Chris Gunness, spokesperson for the UN Relief and Works Agency (UNRWA), which deals with Palestinian refugees, denied last week that UNRWA had handed weapons to Hamas during last summer’s Gaza war. He then blocked critics on Twitter who had questioned his denial.
Gunness also responded to critics by tweeting a graphic photograph of a maimed Palestinian child, and by accusing UN human rights critic Anne Bayefsky of “racism” for her criticism.
The controversy erupted at a panel discussion last week, held to commemorate the 65th anniversary of UNRWA. Bayefsky asked Gunness to respond to the recent report on UNRWA’s role in the Gaza war by the UN Secretary-General’s Board of Inquiry.
The report noted that when weapons were found stored in UNRWA schools–to use the schools and the children human shields against Israel–the agency handed them to “local authorities” and gave contradictory statements to the press.
“So what’s UNRWA’s response to the Secretary-General’s finding that UNRWA actively contributed to the commission of war crimes during the Gaza war?” she asked.
Gunness pushed back: “There was absolutely nothing found as had been suggested that UNRWA had handed rockets over to Hamas.”
The question revolves around the term “local authorities,” which UNRWA used to explain to whom it had given the weapons, but which in context could only have meant representatives of the Hamas government.
In a Twitter feud with Bayefsky that followed the panel, Gunness posted a photo of a Palestinian child who had been blinded during the war, and later blocked Bayefsky, implying that she was racist.
On Monday, Gunness continued tweeting screenshots of tweets from Bayefsky and other criticis, without responding to the substance of her criticism.
Gunness did not respond to an email request from Breitbart News for comment.

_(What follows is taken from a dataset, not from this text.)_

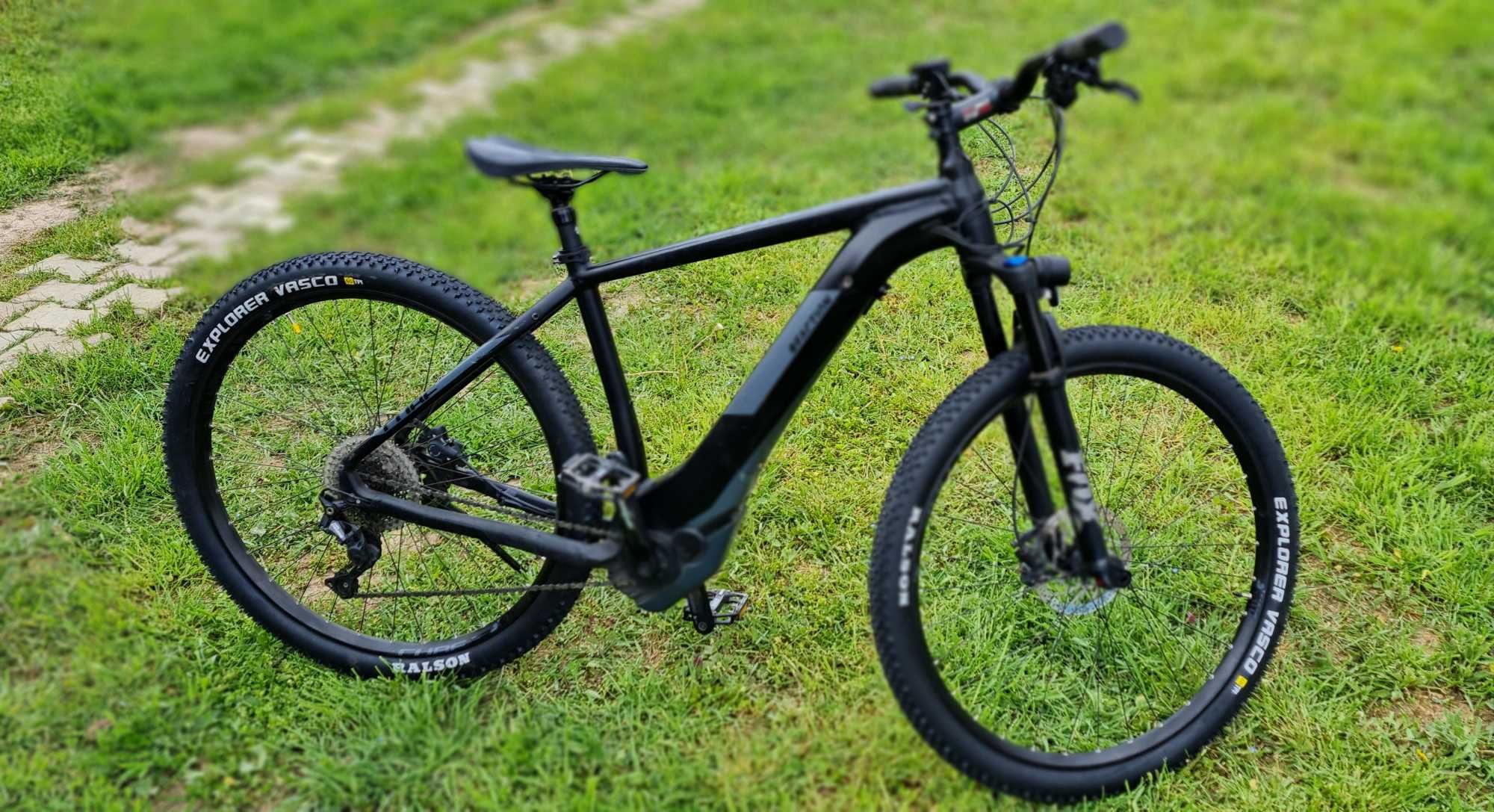 CUBE Reaction hibrid HPA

Gunness is no stranger to controversy: in 2014, Israel’s UN Ambassador, Ron Prosor, demanded that Gunness be suspended for encouraging reporters, via Twitter, to interview a professor who had once justified the 9/11 terror attacks against the United States.
Bayefsky referred to that controversy in questioning Gunness at the UN panel, asking how UNRWA could employ a spokesperson who “promotes terror via his global megaphone.” Gunness called her remarks “ill-founded” and “undignified.”
UNRWA was created specifically to deal with Palestinian refugees of the 1948 war, in which invading Arab armies tried to crush Israeli independence, and hundreds of thousands of Arab residents fled.
UNRWA adopts a uniquely generous definition of “refugee,” leading critics to charge that it is expanding the number of refugees, making the conflict with Israel harder to resolve peacefully. UNRWA has also often been accused of encouraging Palestinian extremism against Israel.